South African music is characterized by its fusion of diverse musical forms from South Africa and overseas. By the 1950s unique musical styles had emerged, developed by black musicians in many South African townships. Township jazz, songs, dance, and popular music reflect a combination of traditional music, especially of the Zulu and Sotho peoples, with African American rhythm and blues, jazz, and blues. Some musicians who play in this hybrid style have won international acclaim, including Hugh Masekela, Mahlathini Nezintombi Zomgqashiyo, and Ladysmith Black Mambazo. Ladysmith Black Mambazo performs isicathamiya, a Zulu-influenced choral style that is sung a cappella, or without instrumental accompaniment. The group became prominent through their collaboration with American singer and songwriter Paul Simon. Also of note are the accordion jive music of Nelcy Sedibe, which developed as township street music and was influenced by American swing, and the modern, electric versions of Zulu traditional music performed by Moses Mchunu. Classical composers have begun to experiment with traditional African musical instruments as well. The Soweto String Quartet has emerged as an important example of this approach.

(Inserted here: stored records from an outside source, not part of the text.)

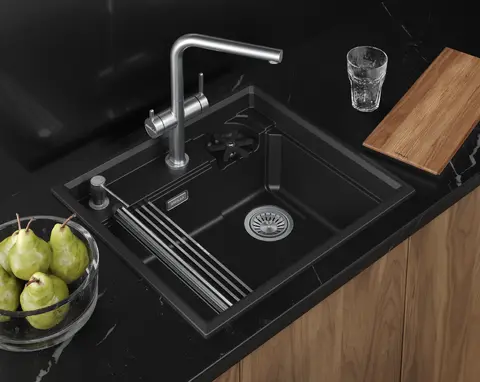 Кухонная мойка Granula KS-5807RU (580*520) Шварц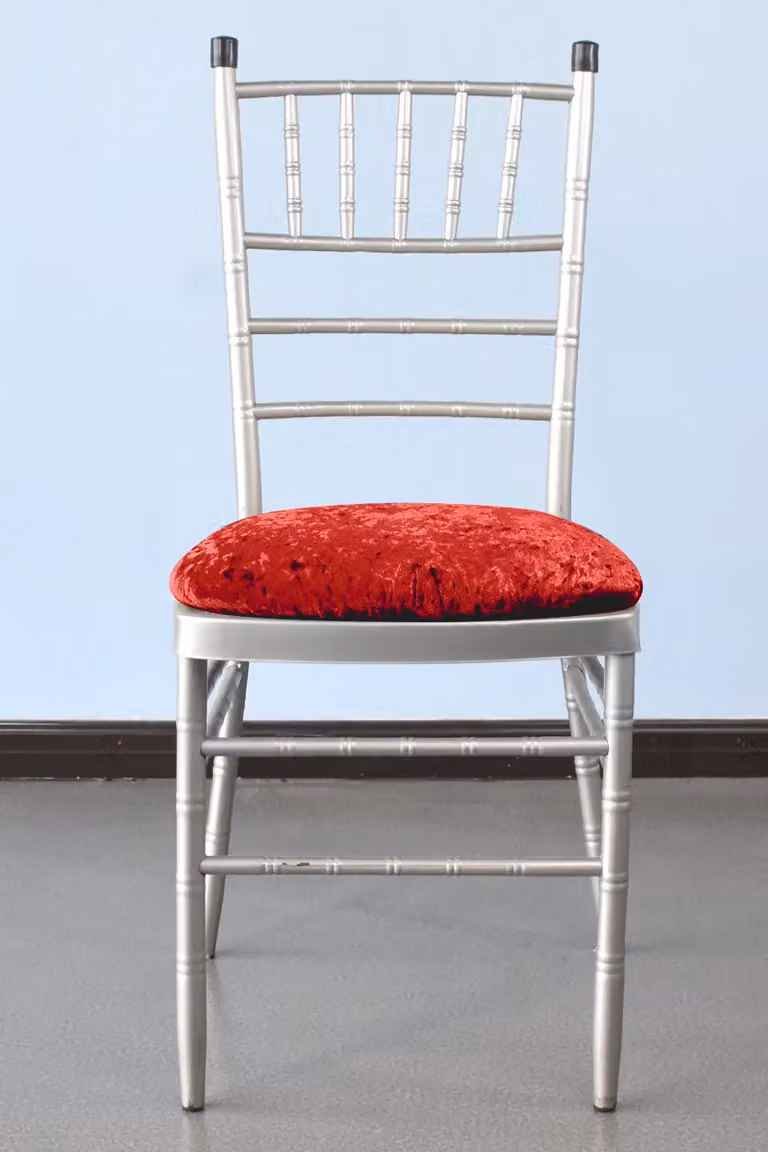 Neel Blue 10-Piece Velvet Dining Chair Seat Cover Set in Blue and Red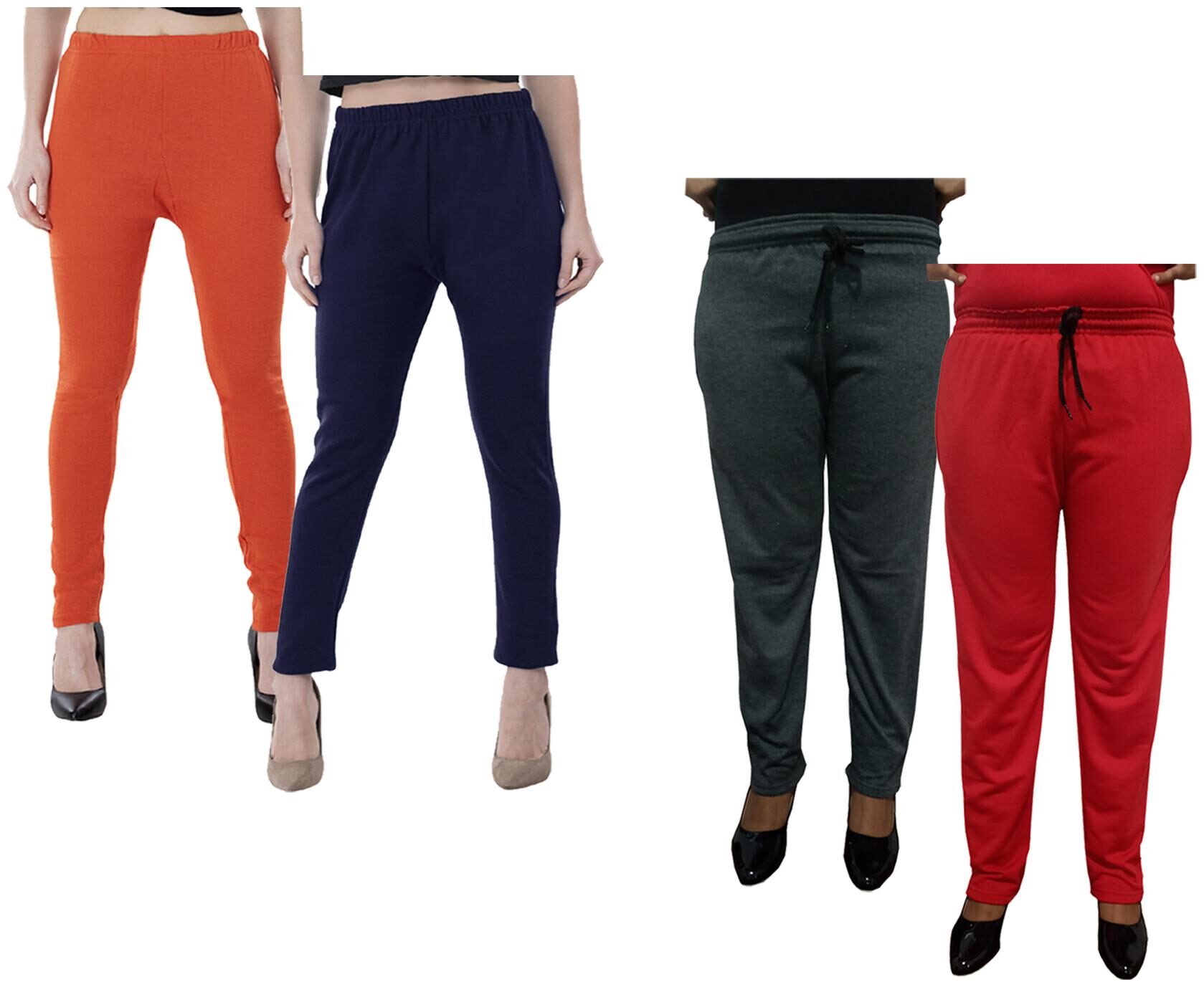

Kavya Women Regular fit Fleece Solid Track pants - Multi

The development of dance in recent years is linked to the development of protest musicals in the theater. Styles of dancing on the stage include the toyi-toyi, a militant marching dance adapted from South African protest marches, as well as traditional Zulu dances. There are three professional ballet companies in South Africa and several independent groups.

D

Theater and Film

South African theater won international acclaim in the 1980s. A distinctive theater form emerged from the tense sociopolitical climate of the 1970s and 1980s. New and alternative theater groups were established, and a playwriting tradition developed, influenced by the Black Consciousness Movement. This theater form uses popular theater as a vehicle of protest and social commentary, mixing African and Western elements in productions of intense energy and vitality. This tradition is perhaps best exemplified by the work of Athol Fugard and by the world-famous Market Theatre in Johannesburg.

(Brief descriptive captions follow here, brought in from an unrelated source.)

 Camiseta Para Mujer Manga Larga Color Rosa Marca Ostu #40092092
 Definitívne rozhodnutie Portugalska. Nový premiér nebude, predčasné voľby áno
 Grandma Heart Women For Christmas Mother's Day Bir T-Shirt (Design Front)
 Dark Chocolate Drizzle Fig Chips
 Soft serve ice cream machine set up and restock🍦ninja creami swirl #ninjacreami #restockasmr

A national film industry has been slow to develop in South Africa. This is in part due to past apartheid policies and ineffective state subsidies for film. Darryl Roodt’s A Place of Weeping (1986) was the first film criticizing apartheid ever shown on the South African film circuit and effectively marked the beginning of an alternative film industry in South Africa. In 1995 Roodt also directed Cry the Beloved Country, based on a novel by Alan Paton. In 1995 the government created a fund for training and developing emerging talent in the local film industry, and a new film subsidy scheme. The Cape Film and Video Foundation, founded in 1993, actively promotes the Cape provinces as locations for international filmmaking.

E

Libraries and Museums

Nearly all South African towns and cities have libraries, the largest of which is the Johannesburg Public Library, with more than 1.6 million volumes. Other important libraries include the South African Library in Cape Town, the State Library in Pretoria, and university libraries including those of the University of South Africa, the University of the Witwatersrand, the University of Cape Town, the University of Stellenbosch, and the University of Pretoria.

South Africa has a large number of museums located in all major and many lesser cities and towns. The most notable include the National Museum in Bloemfontein, which contains archaeology, paleontology, and anthropology collections; MuseumAfrica in Johannesburg, which has collections relating to South African history, including displays representing the lives of South Africans under apartheid; and in Cape Town, the Michaelis Collection, the South African National Gallery, the South African Museum, and the South African Cultural History Museum.